When I began this writing journey, those already in the business offered much advice. A lot of it contradictory.
Some of the 'help' came from people who appear a bit touched in the head. Or Laughing Their Collective A** Off at the muck they caused.
“There is no such thing as a ‘query letter’,” snarled one literary agent.
“Here is a sample of a query letter,” said another literary agent.
A published author advised the following in a query:
BOOK TITLE, urban fantasy.
Another published author sniffed and suggested:
Book Title, an urban fantasy
Agents have their preferences. They are people too. Or so I’ve heard. But what about the agent who doesn’t detail exactly how they like their query?
It’s up to the lame-brained writer to decide; does the agent like their query shaken or stirred?
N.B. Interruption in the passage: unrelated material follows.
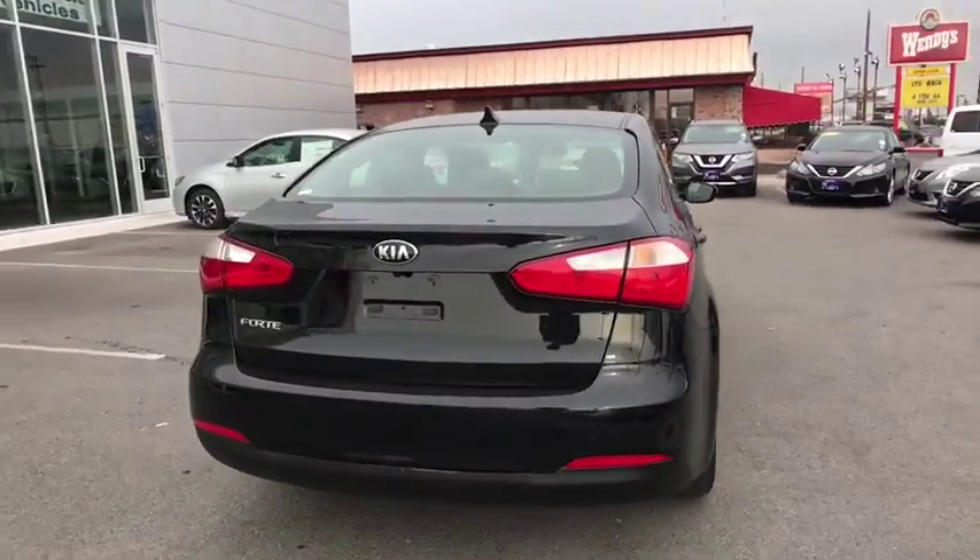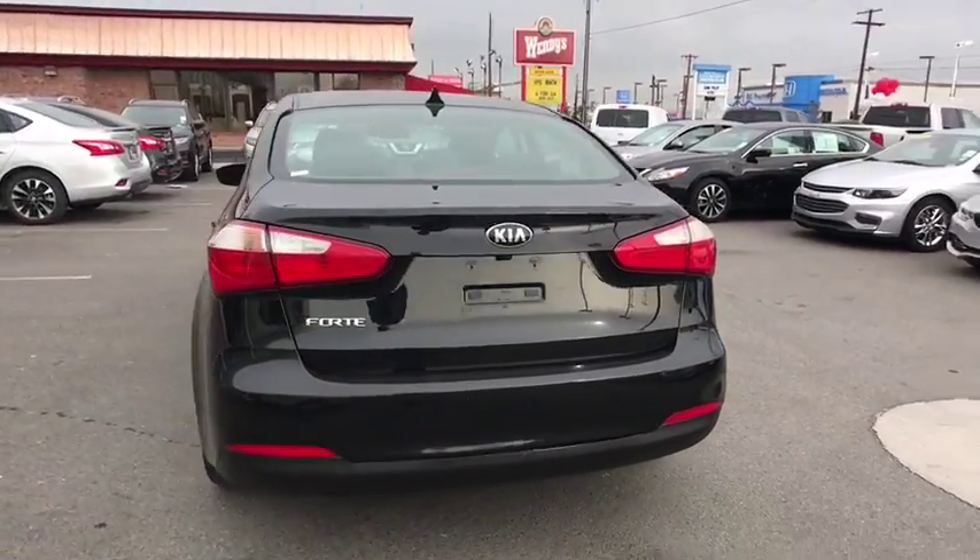This vehicle has less than 40,000 miles. Here are some of this vehicle's great options.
To personalize or not to personalize; that is the question. Actually, how in hell’s name do we write a personalized note to an agent who has no website? Or one whose last post was two years ago? Not much marketing going on there. And not someone who is high on my list.
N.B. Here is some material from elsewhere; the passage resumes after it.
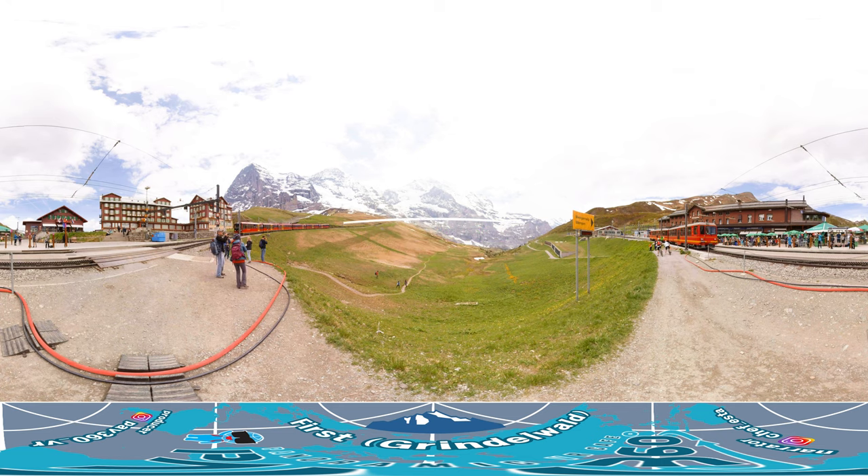Today we're taking you on a journey to First Mountain in Switzerland, where you can enjoy the best natural scenery and many fun activities. Let's get started!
Conspiracy. Sometimes I wonder if there is an industry-wide scheme to cause confusion. Just for entertainment purposes.
Agents, laughing uncontrollable, switching, and deleting information like format issues, rich text, HTML, page heading, title page, summary vs synopsis.
There is no such thing as ‘contemporary fantasy’. This came from a fellow writer even though I was submitting to an agent who wanted…yeah you guessed it, Contemporary Fantasy.
Once upon a time, in a galaxy far, far away, agents rolled their collective eyes at self-pub. With the success of so many in the industry, Amanda Hocking aside, I believe they see it a little differently. And we adjust even as the industry shakes like a dog emerging soaked from a pond.
Confused by sensory overload? TMI? Or are the little voices in your head laughing at you. pipe down, I told you not to say anything!